Interpret and use fractional {and negative} scale factors for enlargements
Here we consider enlargements with fractional scale factors. Some of the tasks are (or may appear) more challenging due to the fact that the centre of enlargement lies outside the confines of the diagram. The idea here is to encourage students to think about the properties of enlargement and perhaps be more analytical. Of course, they (or their teacher) can, if they wish, extend the diagram to include the centre.
MONDAY: Here the centre of enlargement lies slightly below and to the left of the given grid. However, a short pause for thought might enable students to see that the desired image can be drawn without recourse to the centre.
TUESDAY: Here we can again find the desired image without finding/using the centre of enlargement. However, the centre is within the confines of the given diagram this time and some students might find it helpful to find it.

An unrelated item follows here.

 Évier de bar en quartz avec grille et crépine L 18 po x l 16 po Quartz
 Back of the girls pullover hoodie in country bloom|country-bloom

The length of A'D' is ⅔ the length of AD, which means that the scale factor is ×⅔ again. In turn, this means that C'D' = ⅔ × CD = ⅔ × 9 = 6 units. So we can now complete the image of the rectangle. However, even if we do this without first finding the centre of enlargement, it is quite nice to confirm that the lines through A and A', B and B', C and C' and D and D' all meet at a point (P, say). It is also nice to confirm that PA' = ⅔ × PA, PB' = ⅔ × PB, etc.
Note: It is highly likely that some students will complete the rectangle like this. The result looks plausible but the rectangles are not similar. One way to show this is to draw lines through the corresponding vertices A and A', B and B', etc. The lines do not all meet at a single point (the putative centre of enlargement).
WEDNESDAY: Here the 6 by 9 rectangle is 'enlarged' to become a 2 by 3 rectangle. So we can draw the two desired images without needing to find the centres. However, it is conceptually helpful to find the centres, to tie things together.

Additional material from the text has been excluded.